Framing the issues: VW admission moves 'clean diesel' to top of mind
VW emissions episode shocked investors
Volkswagen’s admission that it installed defeat devices in 11 mn engines worldwide corresponded with the loss of €25 bn of market capitalization and triggered CEO Dr. Winterkorn’s resignation. More broadly, the SXAP is down 10% over the past three days destroying a total €31 bn of market capitalization as the market is pricing uncertainty over the future of ‘clean diesel’.
Numerous risks and uncertainties
We see numerous risks occupying investors’ attention and preventing an efficient assessment of the fundamental value of Volkswagen.
Future of ‘clean diesel’ top of mind
Regulation has pushed companies to focus on CO2 targets possibly at the expense of NOx emissions. Euro 6 requires a NOx reduction to 80 mg/km from 180 mg/km. An ICCT study revealed significant discrepancies between real-world emissions of engines and current Euro 6 requirements (“NEDC” test).

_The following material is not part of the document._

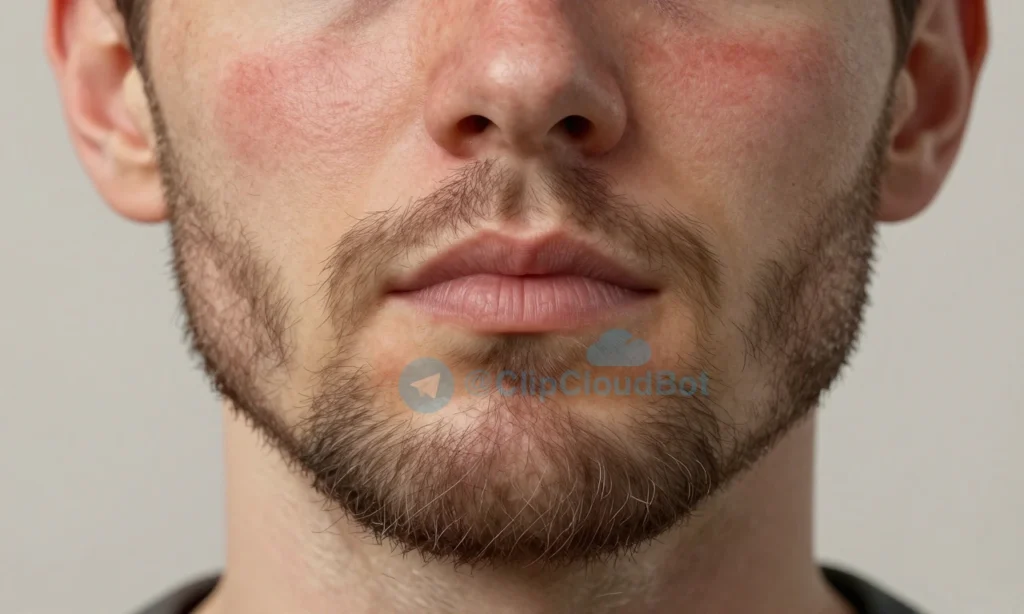 A close-up of a man's face showing a patchy beard with small clumps of facial hair falling out, set against a neutral background, with subtle signs of skin irritation or dryness in the affected areas, realistic lighting, high detail, medical illustration style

Collateral damage – autos industry
We see three risks put into the spotlight by the VW emissions episode: (1) comprehensive scrutiny of the world diesel fleet especially in regard to defeat devices and emissions performance; (2) regulatory risk in relation to tighter NOx rules and controls; and (3) risk of diesel stigmatism from consumers.
Collateral damage – “Made in Germany”
The VW episode also impacted the DAX (-3.1% this week). VW is a bellwether industrial company and as such we believe had a negative impact on the brand “Made in Germany”. Industrial manufacturing is 16% of German GDP and exports are 48%.
Stock implications
European OEMs are likely to continue to be marked down for their diesel exposure given the investigations, scrutiny, regulatory and political debates. We see selective opportunities within suppliers as beneficiaries from increased focus on emissions. In this regard, we highlight Buy-rated Conti and Valeo.